Updated:BREVARD COUNTY, Fla. —
9 Investigates first reported last year about the record number of dolphins dying in the mucky waters of the Indian River Lagoon.
ON Thursday, we learned the state of Florida is about to be sued for it.
Investigative reporter Christopher Heath went to Brevard County to speak to the group behind the pending suit and their fight to save the ecosystem.
Business leaders and environmentalists said the Indian River Lagoon's ecosystem is at a tipping point, and they want to force the state's hand.
As a small business owner, Tim Chastain makes his living off the Indian River Lagoon by taking customers kayaking.

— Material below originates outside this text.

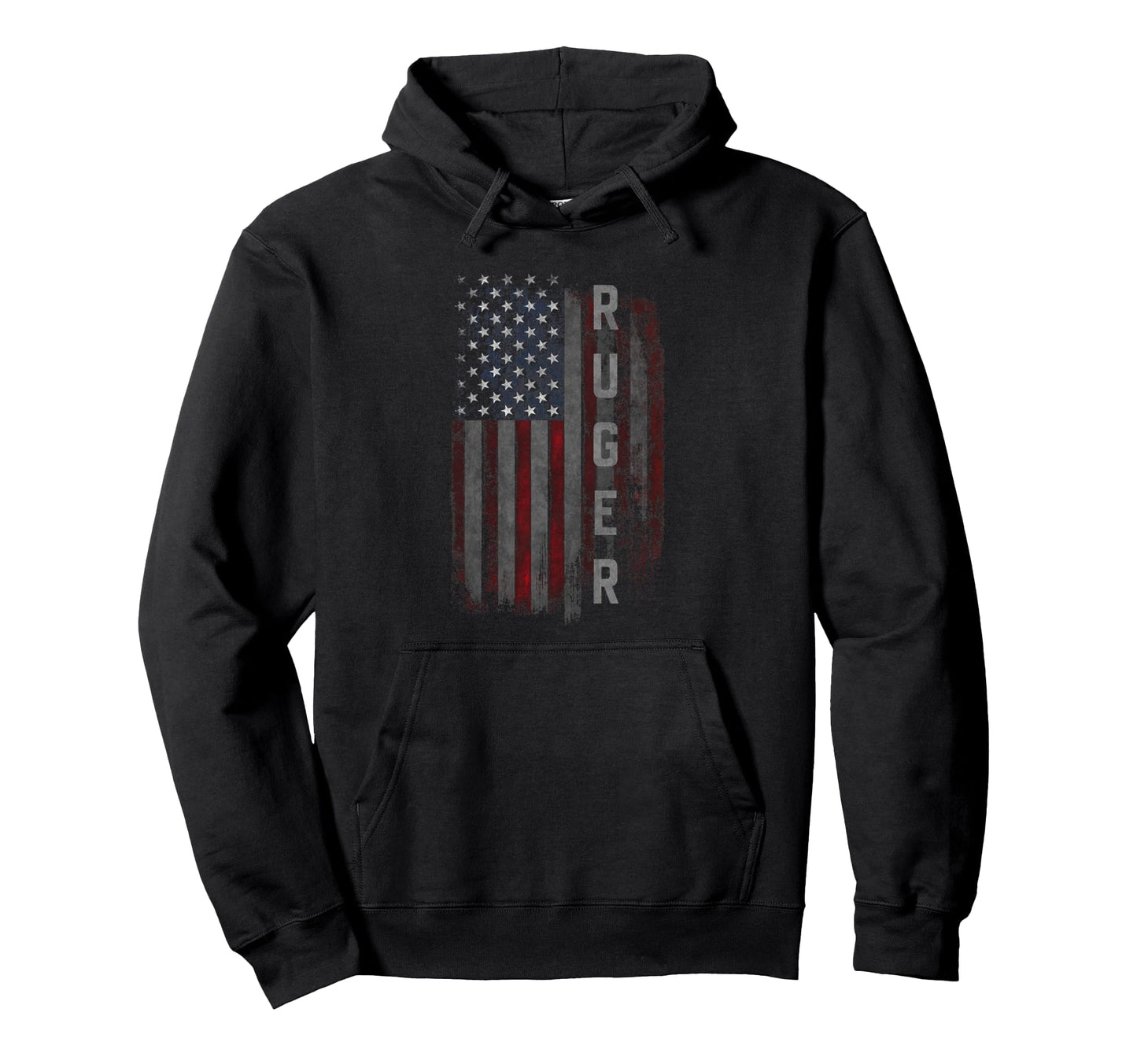 Ruger Family Us Usa American Flag Hoodie - Custom Art Print Men Women - T-Shirt, Sweatshirt, Hoodie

He's also suing the state.
"It affects my business but it also affects the species," he said.
Chastain is the named plaintiff in the 60-day notice of pending litigation against the Florida Department of Health.
The notice said the state has failed to regulate the growing use of septic tanks along the lagoon, with human waste killing the species that call this water home.
"We have seen record number of endangered species turning up dead on the shore," said former Department of Environmental Protection attorney Christopher Byrd, who drew up the suit.
In the lawsuit, Byrd said an estimated 300,000 septic tanks are draining into the lagoon, killing the ecosystem.
The suit demands the state fix the system, most likely by installing sewers.
"This has been a barbaric practice that the state has known about for 30 years," said Byrd.
9 Investigates reached out to the Florida Department of Health, a named defendant in the suit, but have not heard back.